Für diesen Artikel öffnete der Rumänische Nationale Flüchtlingsrat (Consiliul Național Român pentru Refugiați – CNRR) mit Sitz in Bukarest der ADZ seine Türen und gewährte einen Einblick in die vielfältige, aufwendige, komplizierte, einen Unterschied machende Arbeit mit Geflüchteten. Der Autor konnte an zwei Bürostandorten mit zahlreichen Mitarbeiterinnen aus den verschiedenen Tätigkeitsfeldern der NGO sprechen, nur die Tür zum Beratungsraum blieb zu - im Bezug auf die Gespräche mit den Ratsuchenden steht Vertraulichkeit an erster Stelle. Neben den hier beschriebenen Projekten gibt es auch Aktivitäten außerhalb der Bukarester Büros, z.B. an der rumänisch-ukrainischen Grenze oder in den sechs regionalen Asylzentren.
Beratung im Asylverfahren
Die Asylverfahrensberatung ist statistisch gesehen ein undankbares Feld. Im Jahr 2023 lag die Anerkennungsrate - also die Anzahl der Verfahren, in denen den Antragstellern entweder ein Status als anerkannter Flüchtling oder subsidiärer Schutz zugesprochen wurde - bei 16,7 Prozent. Wobei die Quote je nach Herkunftsland stark variiert. Im gerichtlichen Verfahren, welches diejenigen anstreben können, die gegen den negativen Bescheid vorgehen möchten, lag die Erfolgsquote im Jahr 2023 bei 8 Prozent in der ersten und 15 Prozent in der zweiten Instanz. Keine guten Aussichten also. Und doch: Jeder Fall ist individuell und die Hoffnung stirbt bekanntlich zuletzt.

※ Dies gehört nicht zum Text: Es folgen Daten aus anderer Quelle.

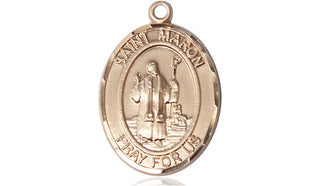 14kt Gold Filled Saint Maron Medal Engraved Catholic Saint Jewelry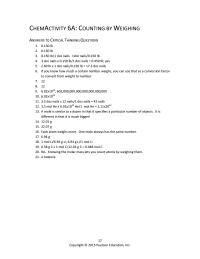 Chemical Engineering Chapter 6 Homework One mole always has the same number.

M²d²lina und Bianca erläutern den Ratsuchenden zunächst das Prozedere, vermitteln wichtige Tipps, worauf sie bei den Anhörungen im Generalinspektorat für Einwanderung (rumänisch kurz IGI) achten sollen. Zum Beispiel: Das Anhörungsprotokoll nur unterschreiben, wenn sie es wirklich verstanden haben und der Inhalt stimmt! Natürlich müssen die Asylsuchenden ihre Geschichte wahrheitsgemäß schildern und diese sollte so komplett wie möglich sein, betonen die Beraterinnen, denn die vollständige und glaubhafte Schilderung muss in vielen Fällen fehlende „Beweise“, wie etwa Dokumente, Video- oder Tonaufnahmen, ersetzen, welche die Menschen meist nicht (dabei) haben.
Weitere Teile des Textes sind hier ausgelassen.